The good news is that the Legislature has already taken steps to address those problems, and we have the opportunity to ensure proper funding in the current special legislative session to make sure these reforms begin to take hold.
Last year, Governor Bentley appointed a task force to identify the most egregious problems and their underlying causes in our prison system. The task force recommended immediate sentencing reform, information sharing systems, and finding a more effective means of punishment that emphasizes community protection and rehabilitation. These findings reflect an endemic problem in our misguided incarceration policies: one that locks people up with little care, then lets them go free, completely missing the mark on providing our fellow community members with the care they actually need to get better.
Most significant is the mental health treatment many need in the community. It is a problem that impacts everyone. The safety of our communities, the cost to taxpayers of locking people up, and the well being of Corrections employees are all challenged by a system that was not designed to effectively provide mental health treatment.
In an unprecedented move by the Legislature in the regular session that ended in June, both sides of the aisle joined together to pass significant prison reform (Senate Bill 67). The legislation’s bipartisan support and its merits have earned Alabama praise from prison reform advocates all over the country. Democrats and Republicans can’t agree on much, but prison reform is definitely an area we all agree needs our focused attention.
Senate Bill 67 offers substantial and meaningful reform that will redefine our criminal justice system. Most importantly, it will work to identify those who need help and set them on the right path, rather than putting them behind bars and then back on our streets as repeat offenders.

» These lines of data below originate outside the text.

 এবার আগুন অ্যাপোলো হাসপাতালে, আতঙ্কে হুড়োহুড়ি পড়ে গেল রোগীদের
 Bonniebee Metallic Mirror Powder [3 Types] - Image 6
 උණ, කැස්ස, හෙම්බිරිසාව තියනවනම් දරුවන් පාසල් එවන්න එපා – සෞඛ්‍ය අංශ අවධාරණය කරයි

The cost savings for taxpayers are significant and the implications for a more just society are priceless.
But this clearing in the storm will become the eye of a hurricane if the Legislature doesn’t act swiftly to pass a General Fund budget that fully funds prison reform and mental health services.
I reluctantly voted for the Senate budget in the August special session because I believed it was the best we could get under the circumstances. But I knew it both under-funded the prison reforms that SB67 called for and Mental Health. The latter shortfall would put enormous strain on county jails and the Department of Corrections, since experience shows that neither is properly equipped to provide inmates effective mental health services.

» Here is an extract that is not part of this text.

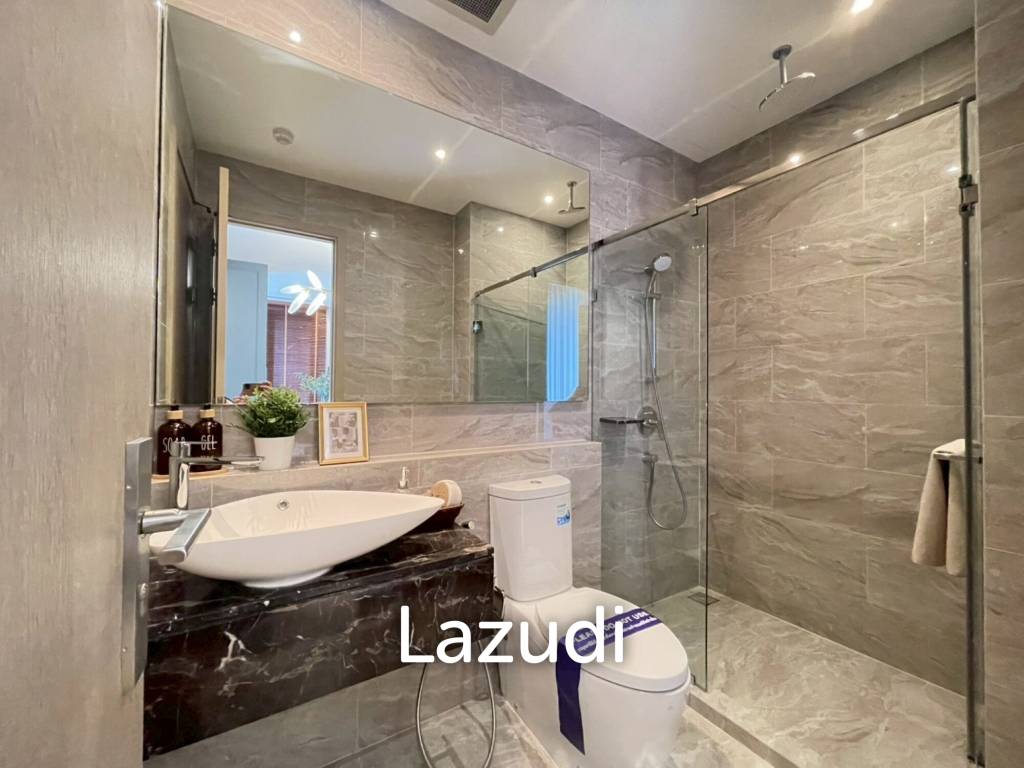 รูป Luxury Condo in ASHTON Asoke Rama 9 Bangkok - รูปที่ 9/16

But the current special legislative session gives us another chance to make things right. If the elected officials of this self-proclaimed “10th Amendment state” don’t solve our own problems the federal Department of Justice will swoop in and take over, at deep cost to Alabama’s taxpayers.

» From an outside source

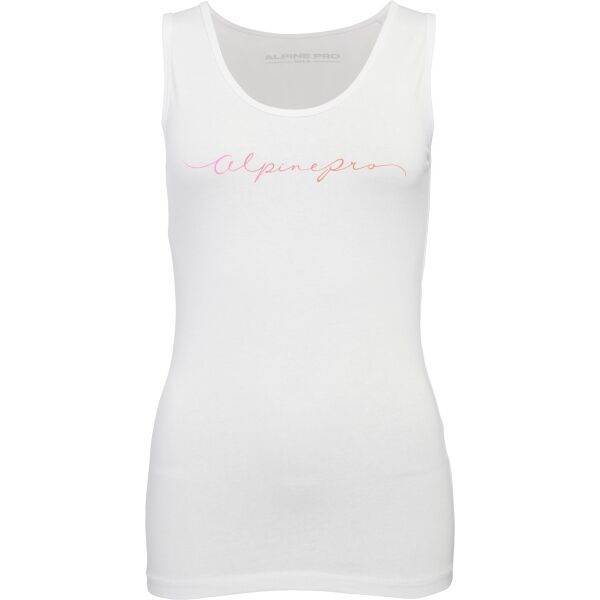 ALPINE PRO ALPINE PRO IXIMA Дамски потник, бяло, размер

So, let us shine as an example of model reform for the rest of the country and follow through on the promise we made when we passed SB67. It’s time for legislators to stand up and accept the responsibility the people of Alabama gave us when they sent us to the Capitol. The Legislature should pass a budget that fully funds prison reform and provides adequate mental health care and treatment for those who need it most.
We have the power to create a better Alabama, and the time is now.
State Senator Cam Ward (R-Alabaster) is Chairman of the Senate Judiciary Committee and Chairman of the Prison Reform Task Force.